Pan African Bioinformatics Network for H3Africa

H3ABioNet Tools

H3ABioNet Nodes have developed different computational tools ranging from visualization of population structure to specialized analysis of genome wide nucleosome positions invovled in genome function.

Genesis: PCA and Admixture plot viewer and publication quality image generator

Genesis can be used to display screen and publication quality pictures of population PCA and admixture charts and has been developed by: Wits Bionformatics, Sydney Brenner Institute for Molecular Bioscience, University of the Witwatersrand, Johannesburg

Why use Genesis?

Genesis takes the output of popular programs such as Admixture and EIGENSTRAT and produces good quality pictures, which the user can interactively change. There are first class tools that can be used to create good quality pictures, but they require expertise to use and best used when one already knows exactly what the output should look like. In practice there is a huge need for an interactive tool. Which PCs display interesting data can be interactively explored. Which colours are best to use is not just an aesthetic problem: in some cases a set of colours works well but with other data the same colours doesn't because the colours don't clearly contrast with a new position of the objects being drawn. There may be a need to rearrange the labelling or the data. We want to make the fonts as big as possible, but what is "big as possible" depends on the quantity and arrangement of data. Often when displaying admixture charts, multiple charts are shown in one diagram, we need to to keep consistency of colours and may want to play with the ordering of data.

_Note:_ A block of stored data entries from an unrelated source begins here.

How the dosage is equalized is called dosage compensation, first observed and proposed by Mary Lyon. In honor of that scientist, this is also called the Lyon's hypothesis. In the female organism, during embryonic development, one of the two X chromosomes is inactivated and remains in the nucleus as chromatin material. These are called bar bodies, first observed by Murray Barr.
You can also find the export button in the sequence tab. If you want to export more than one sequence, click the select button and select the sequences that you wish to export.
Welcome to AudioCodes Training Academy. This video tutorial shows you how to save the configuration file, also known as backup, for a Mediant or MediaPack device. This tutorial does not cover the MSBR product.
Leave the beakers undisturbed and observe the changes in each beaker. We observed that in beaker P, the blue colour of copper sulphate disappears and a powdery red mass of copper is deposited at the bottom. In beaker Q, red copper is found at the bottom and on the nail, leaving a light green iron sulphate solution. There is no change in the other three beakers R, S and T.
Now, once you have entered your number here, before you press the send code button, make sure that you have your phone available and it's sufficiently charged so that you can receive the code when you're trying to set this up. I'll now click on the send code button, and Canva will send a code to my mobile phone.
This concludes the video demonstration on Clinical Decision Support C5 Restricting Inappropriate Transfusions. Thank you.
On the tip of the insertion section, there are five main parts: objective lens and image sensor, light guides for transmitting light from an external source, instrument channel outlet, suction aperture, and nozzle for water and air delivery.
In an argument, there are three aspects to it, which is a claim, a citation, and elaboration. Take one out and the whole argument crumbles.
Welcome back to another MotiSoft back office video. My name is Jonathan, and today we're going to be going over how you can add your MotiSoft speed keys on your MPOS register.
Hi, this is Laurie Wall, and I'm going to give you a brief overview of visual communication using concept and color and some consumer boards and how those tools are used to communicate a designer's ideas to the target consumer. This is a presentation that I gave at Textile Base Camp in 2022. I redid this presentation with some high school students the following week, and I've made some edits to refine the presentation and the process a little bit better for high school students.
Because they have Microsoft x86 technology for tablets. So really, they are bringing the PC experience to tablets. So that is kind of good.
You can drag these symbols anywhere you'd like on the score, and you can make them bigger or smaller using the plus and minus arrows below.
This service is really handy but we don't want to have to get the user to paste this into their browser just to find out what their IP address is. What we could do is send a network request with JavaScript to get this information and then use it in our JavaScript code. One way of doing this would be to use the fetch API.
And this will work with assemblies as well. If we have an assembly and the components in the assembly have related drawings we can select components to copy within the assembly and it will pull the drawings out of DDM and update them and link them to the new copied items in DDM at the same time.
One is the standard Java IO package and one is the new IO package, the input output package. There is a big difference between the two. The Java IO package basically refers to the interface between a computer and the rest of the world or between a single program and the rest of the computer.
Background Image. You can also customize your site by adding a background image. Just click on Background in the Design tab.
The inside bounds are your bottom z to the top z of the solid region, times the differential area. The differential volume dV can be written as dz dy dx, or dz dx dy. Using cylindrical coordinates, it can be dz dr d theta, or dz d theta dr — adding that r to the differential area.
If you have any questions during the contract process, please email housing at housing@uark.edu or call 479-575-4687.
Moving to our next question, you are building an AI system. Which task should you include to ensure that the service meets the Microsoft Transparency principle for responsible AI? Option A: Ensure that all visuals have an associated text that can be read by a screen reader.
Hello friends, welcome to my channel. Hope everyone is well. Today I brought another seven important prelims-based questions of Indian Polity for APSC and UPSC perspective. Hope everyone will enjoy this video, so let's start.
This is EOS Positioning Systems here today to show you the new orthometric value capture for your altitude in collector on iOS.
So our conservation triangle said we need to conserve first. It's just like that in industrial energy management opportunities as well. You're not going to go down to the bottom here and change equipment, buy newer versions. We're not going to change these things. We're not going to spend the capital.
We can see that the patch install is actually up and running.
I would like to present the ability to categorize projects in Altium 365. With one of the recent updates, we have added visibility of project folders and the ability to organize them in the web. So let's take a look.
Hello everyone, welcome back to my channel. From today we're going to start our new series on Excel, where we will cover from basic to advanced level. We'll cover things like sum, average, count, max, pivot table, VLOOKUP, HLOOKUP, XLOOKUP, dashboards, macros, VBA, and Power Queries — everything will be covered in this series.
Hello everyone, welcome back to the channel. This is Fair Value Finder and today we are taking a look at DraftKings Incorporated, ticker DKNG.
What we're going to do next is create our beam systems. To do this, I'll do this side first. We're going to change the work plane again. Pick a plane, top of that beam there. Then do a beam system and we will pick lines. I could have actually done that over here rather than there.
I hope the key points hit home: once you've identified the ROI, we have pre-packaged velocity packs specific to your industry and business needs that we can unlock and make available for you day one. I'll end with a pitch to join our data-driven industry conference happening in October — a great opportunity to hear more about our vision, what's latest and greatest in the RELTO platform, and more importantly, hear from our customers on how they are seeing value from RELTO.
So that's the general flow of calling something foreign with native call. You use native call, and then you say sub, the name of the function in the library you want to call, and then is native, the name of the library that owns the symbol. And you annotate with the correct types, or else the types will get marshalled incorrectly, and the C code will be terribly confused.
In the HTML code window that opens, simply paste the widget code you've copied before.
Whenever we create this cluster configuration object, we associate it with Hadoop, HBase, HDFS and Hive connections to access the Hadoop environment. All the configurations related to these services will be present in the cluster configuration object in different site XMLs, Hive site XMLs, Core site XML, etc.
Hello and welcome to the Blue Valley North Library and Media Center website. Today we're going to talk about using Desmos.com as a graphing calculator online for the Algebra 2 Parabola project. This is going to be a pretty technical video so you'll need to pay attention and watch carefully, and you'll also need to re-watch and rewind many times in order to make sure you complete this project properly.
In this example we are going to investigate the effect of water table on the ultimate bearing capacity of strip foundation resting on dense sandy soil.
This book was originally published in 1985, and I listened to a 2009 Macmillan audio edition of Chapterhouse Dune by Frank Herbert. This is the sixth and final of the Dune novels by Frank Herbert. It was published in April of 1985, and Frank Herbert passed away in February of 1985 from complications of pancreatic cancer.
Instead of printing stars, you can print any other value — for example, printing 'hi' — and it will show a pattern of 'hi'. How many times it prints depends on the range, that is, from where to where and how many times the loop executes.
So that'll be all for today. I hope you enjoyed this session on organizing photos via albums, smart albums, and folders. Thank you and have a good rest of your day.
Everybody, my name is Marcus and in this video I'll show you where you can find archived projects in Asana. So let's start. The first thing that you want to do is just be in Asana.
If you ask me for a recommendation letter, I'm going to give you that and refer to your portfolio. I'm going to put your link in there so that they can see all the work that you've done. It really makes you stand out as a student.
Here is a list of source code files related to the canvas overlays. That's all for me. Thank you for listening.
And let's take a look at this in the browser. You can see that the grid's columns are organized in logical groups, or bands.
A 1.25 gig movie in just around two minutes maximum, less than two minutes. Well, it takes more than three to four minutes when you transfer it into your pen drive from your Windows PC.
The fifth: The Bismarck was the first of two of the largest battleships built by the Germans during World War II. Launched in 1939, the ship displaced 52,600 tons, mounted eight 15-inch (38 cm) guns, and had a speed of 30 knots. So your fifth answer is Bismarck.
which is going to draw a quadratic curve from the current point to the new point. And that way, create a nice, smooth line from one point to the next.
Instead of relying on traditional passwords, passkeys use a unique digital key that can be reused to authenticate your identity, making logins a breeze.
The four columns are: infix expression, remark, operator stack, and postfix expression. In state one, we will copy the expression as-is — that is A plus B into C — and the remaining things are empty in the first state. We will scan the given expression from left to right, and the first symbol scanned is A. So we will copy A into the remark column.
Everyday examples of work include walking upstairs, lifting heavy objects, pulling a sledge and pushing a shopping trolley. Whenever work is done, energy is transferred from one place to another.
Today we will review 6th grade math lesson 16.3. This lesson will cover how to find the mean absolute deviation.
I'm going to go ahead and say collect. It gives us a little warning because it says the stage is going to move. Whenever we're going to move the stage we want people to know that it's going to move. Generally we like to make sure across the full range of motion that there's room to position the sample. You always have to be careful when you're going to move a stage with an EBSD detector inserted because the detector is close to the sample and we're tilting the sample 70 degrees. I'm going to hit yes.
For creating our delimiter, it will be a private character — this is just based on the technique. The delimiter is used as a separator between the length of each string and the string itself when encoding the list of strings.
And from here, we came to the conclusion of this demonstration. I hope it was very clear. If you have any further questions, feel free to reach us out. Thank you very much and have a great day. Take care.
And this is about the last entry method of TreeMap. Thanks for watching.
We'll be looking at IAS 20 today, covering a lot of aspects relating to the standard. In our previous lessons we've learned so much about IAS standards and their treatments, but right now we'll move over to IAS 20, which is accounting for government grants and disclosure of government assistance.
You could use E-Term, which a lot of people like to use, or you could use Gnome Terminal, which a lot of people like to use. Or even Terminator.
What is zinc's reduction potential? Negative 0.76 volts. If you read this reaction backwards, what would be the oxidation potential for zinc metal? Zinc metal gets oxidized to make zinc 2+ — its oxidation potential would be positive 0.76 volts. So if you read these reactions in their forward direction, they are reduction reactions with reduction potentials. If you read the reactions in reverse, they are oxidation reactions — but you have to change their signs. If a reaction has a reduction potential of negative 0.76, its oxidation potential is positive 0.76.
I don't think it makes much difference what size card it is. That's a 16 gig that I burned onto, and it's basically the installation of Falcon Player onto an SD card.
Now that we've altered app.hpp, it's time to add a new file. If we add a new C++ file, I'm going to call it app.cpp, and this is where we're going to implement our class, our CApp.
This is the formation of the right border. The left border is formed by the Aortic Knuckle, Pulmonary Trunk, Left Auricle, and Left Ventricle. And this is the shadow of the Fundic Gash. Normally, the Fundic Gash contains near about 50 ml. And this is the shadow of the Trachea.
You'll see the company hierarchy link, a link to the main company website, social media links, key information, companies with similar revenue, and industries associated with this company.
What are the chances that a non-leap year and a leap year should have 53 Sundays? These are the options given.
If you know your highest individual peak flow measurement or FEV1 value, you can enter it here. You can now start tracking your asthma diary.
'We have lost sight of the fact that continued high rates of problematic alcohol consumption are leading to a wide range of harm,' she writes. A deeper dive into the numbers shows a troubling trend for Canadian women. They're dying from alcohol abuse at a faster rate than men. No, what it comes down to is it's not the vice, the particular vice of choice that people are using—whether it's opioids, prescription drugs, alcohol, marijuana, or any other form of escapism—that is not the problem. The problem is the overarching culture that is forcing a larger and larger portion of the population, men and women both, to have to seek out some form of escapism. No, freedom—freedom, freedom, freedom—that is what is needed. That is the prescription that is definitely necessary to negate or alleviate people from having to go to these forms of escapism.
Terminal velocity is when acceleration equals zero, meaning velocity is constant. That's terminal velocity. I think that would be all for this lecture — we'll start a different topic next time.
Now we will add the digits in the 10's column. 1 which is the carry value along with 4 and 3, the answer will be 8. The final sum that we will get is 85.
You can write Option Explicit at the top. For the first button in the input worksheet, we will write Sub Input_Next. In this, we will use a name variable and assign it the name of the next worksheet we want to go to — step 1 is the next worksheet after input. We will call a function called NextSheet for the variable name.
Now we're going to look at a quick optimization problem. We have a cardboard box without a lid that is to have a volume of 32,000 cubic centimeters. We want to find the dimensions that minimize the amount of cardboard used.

We see the need for an interactive tool that can be used to explore possibilities and produce good quality data. Although tools like Distruct and R are more flexible and produce very high quality pictures, Genesis is interactive and requires much less expertise to use.


Genesis requires Java 1.7 with SWT libraries installed. Genesis runs on Windows, Linux and MacOS X.  For Mac OS X, X11 must be installed. (Download XQuartz here)

On Windows and Linux, the program should be run as:

java -jar Genesis.jar

On Mac OS X, X11 must be installed and the program should be run as:

java -XstartOnFirstThread -jar Genesis.jar

Some sample data files can be found here

Download: The executable can be otained from here (Latest version:0.2.5 27 January 2015)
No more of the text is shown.